• **WORK TO BE COMPLETED**
The required output is an exact copy of the lines from the one containing "Водонепроницаемые чехлы для" through the end of the entries below, with pictures removed.

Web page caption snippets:
-------

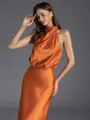 Charming Sheath Halter Pleated Tea-Length Silk Like Satin Bridesmaid Dress
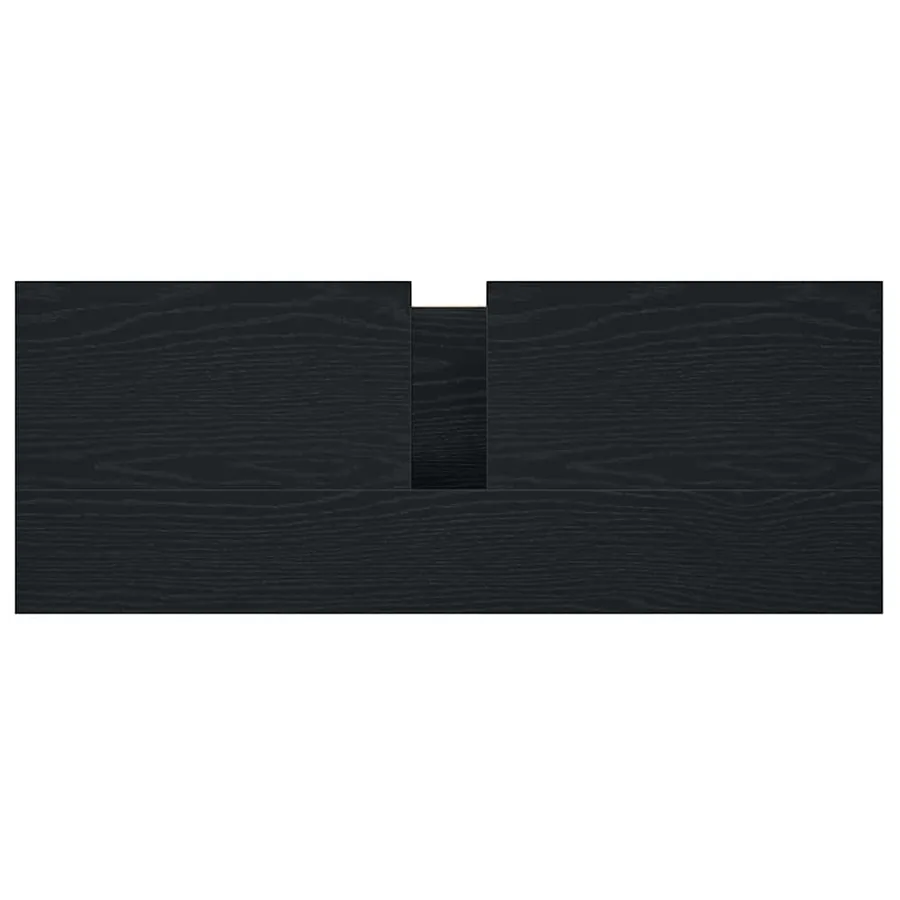 Meuble de salle de bain lavabo tiroirs chêne noir 90x34,5x60 cm - 9
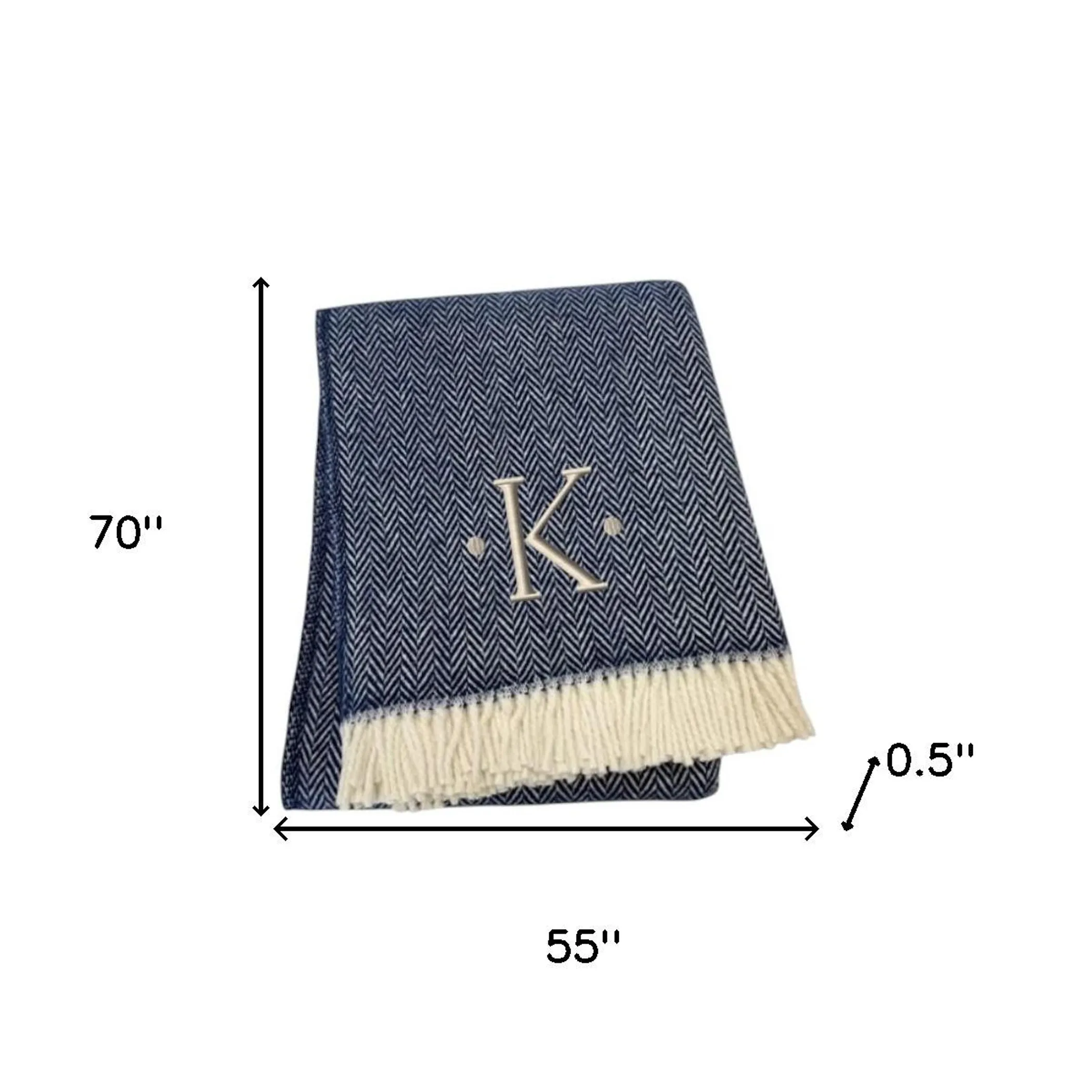 Herringbone Cotton Blend K Initial Throw Blanket with Tassels And Embroidery - Image 5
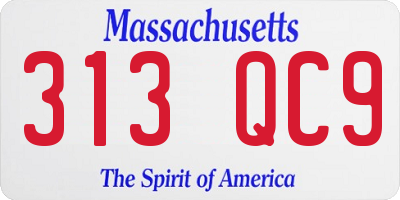 MA license plate 313QC9
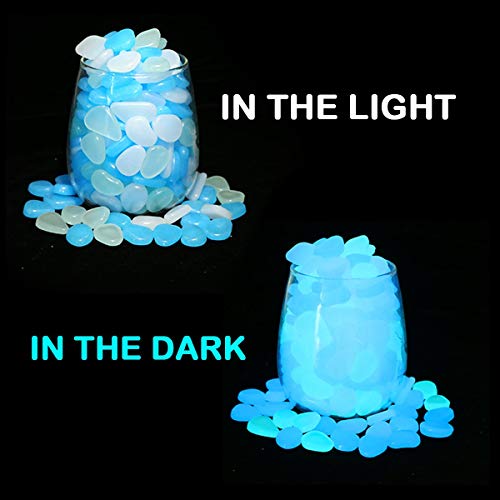 UNIME Glow in The Dark Garden Pebbles Stones Rocks for Yard and Walkways Decor, DIY Decorative Luminous Stones in Blue (200 PCS)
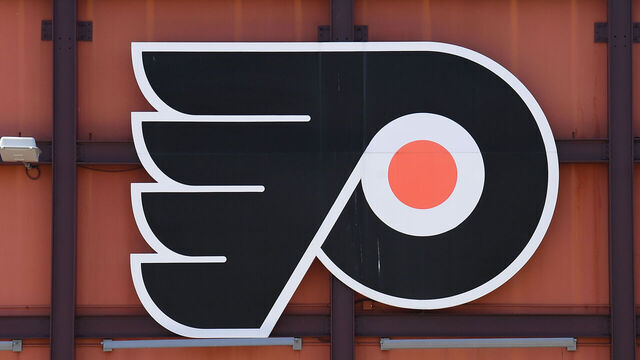 PHILADELPHIA, PA - MAY 27: A detail view of the Philadelphia Flyers logo outside a bar as seen before the NCAA Division I Men's Lacrosse Championships Semifinal game between the Duke Blue Devils and the Penn State Nittany Lions on May 27, 2023, at Lincoln Financial Field in Philadelphia, PA.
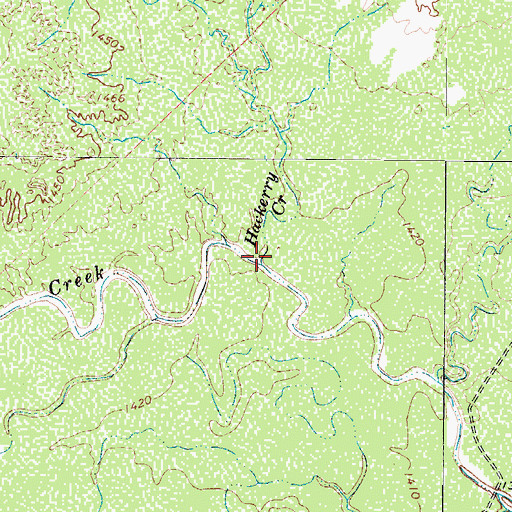 Topographic Map of Hackberry Creek, TX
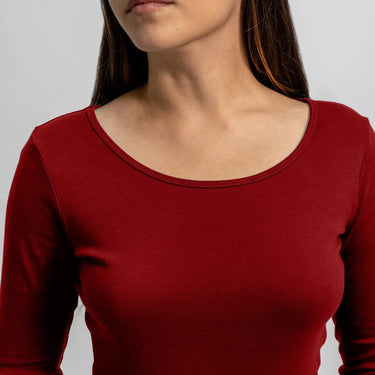 womens natural fiber scoop neck long sleeve color maroon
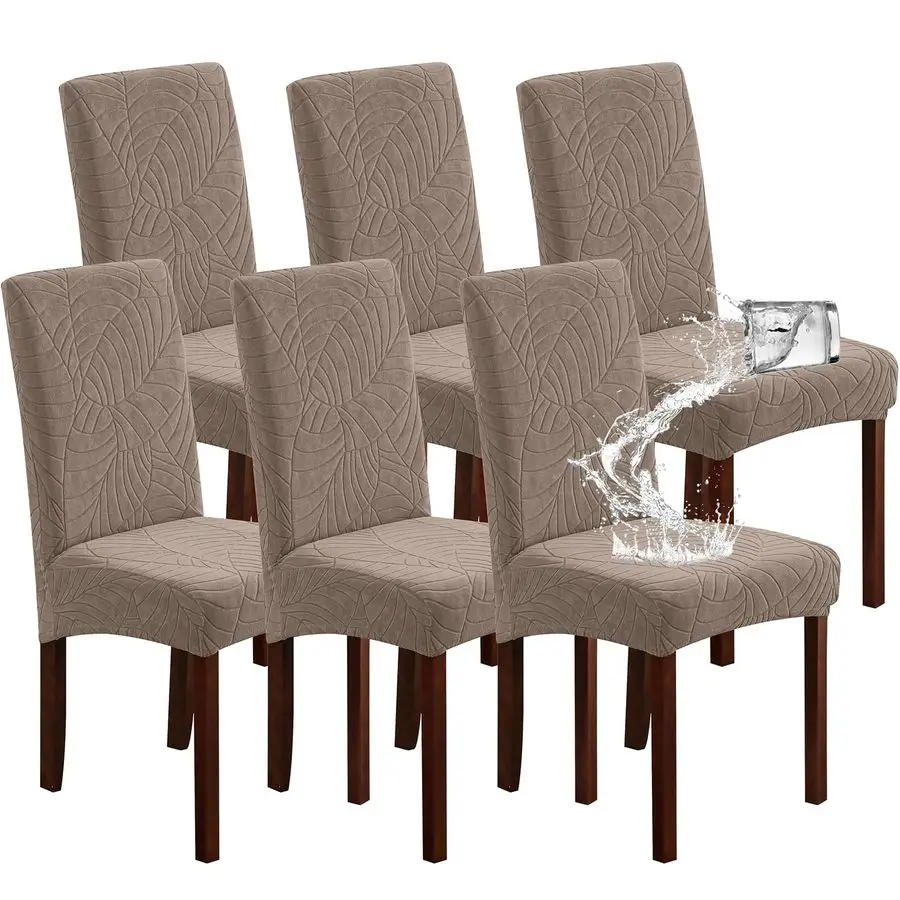 

Водонепроницаемые чехлы для стульев в столовую, эластичные жаккардовые чехлы для обеденных стульев, съемные моющиеся защитные чехлы для кухонных стульев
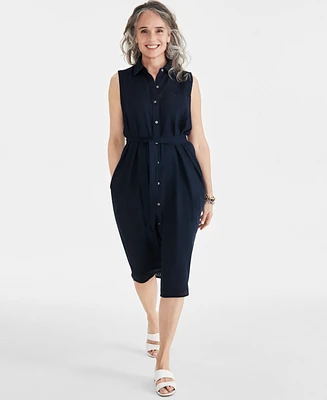 Style & Co Women's Sleeveless Shirtdress, Created for Macy's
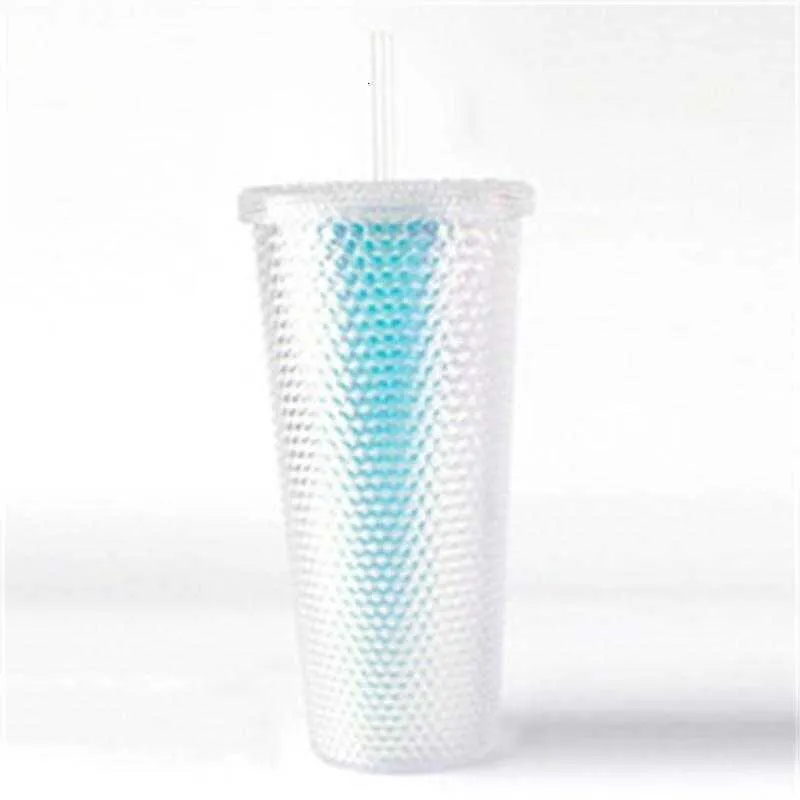 24 oz durian Personlig Starbucks iriserande bling Rainbow Unicorn Studded Cold Cup Tumbler kaffemugg med plast Strawv8suv8s255T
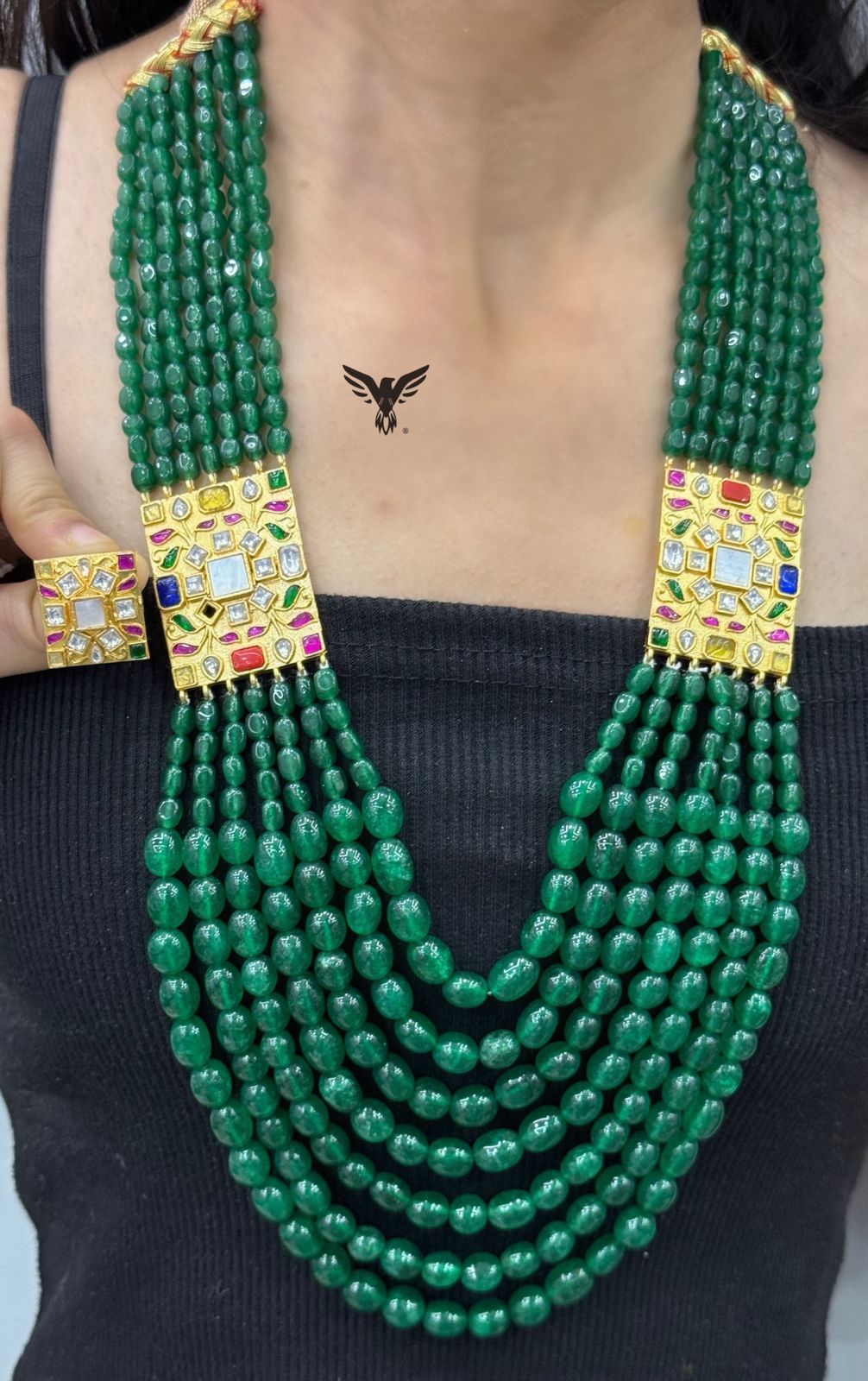 Akshara navratan kundan necklace with earrings in Emerald green natural beads for women in antique gold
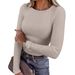 Fall And Winter High Stretch Crew Neck Slim Long Sleeve Women's T-Shirt Fashion Casual Women's Wear_ecoleips.com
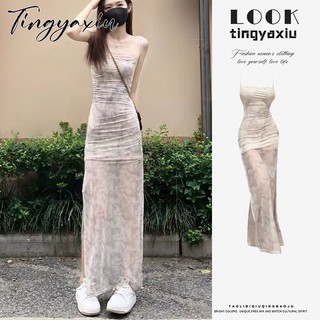 Váy treo hoa nữ TINGYAXIU Váy dài xẻ tà phong cách Pháp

-------

• **RESULT**
Водонепроницаемые чехлы для стульев в столовую, эластичные жаккардовые чехлы для обеденных стульев, съемные моющиеся защитные чехлы для кухонных стульев
 Style & Co Women's Sleeveless Shirtdress, Created for Macy's
 24 oz durian Personlig Starbucks iriserande bling Rainbow Unicorn Studded Cold Cup Tumbler kaffemugg med plast Strawv8suv8s255T
 Akshara navratan kundan necklace with earrings in Emerald green natural beads for women in antique gold
 Fall And Winter High Stretch Crew Neck Slim Long Sleeve Women's T-Shirt Fashion Casual Women's Wear_ecoleips.com
 Váy treo hoa nữ TINGYAXIU Váy dài xẻ tà phong cách Pháp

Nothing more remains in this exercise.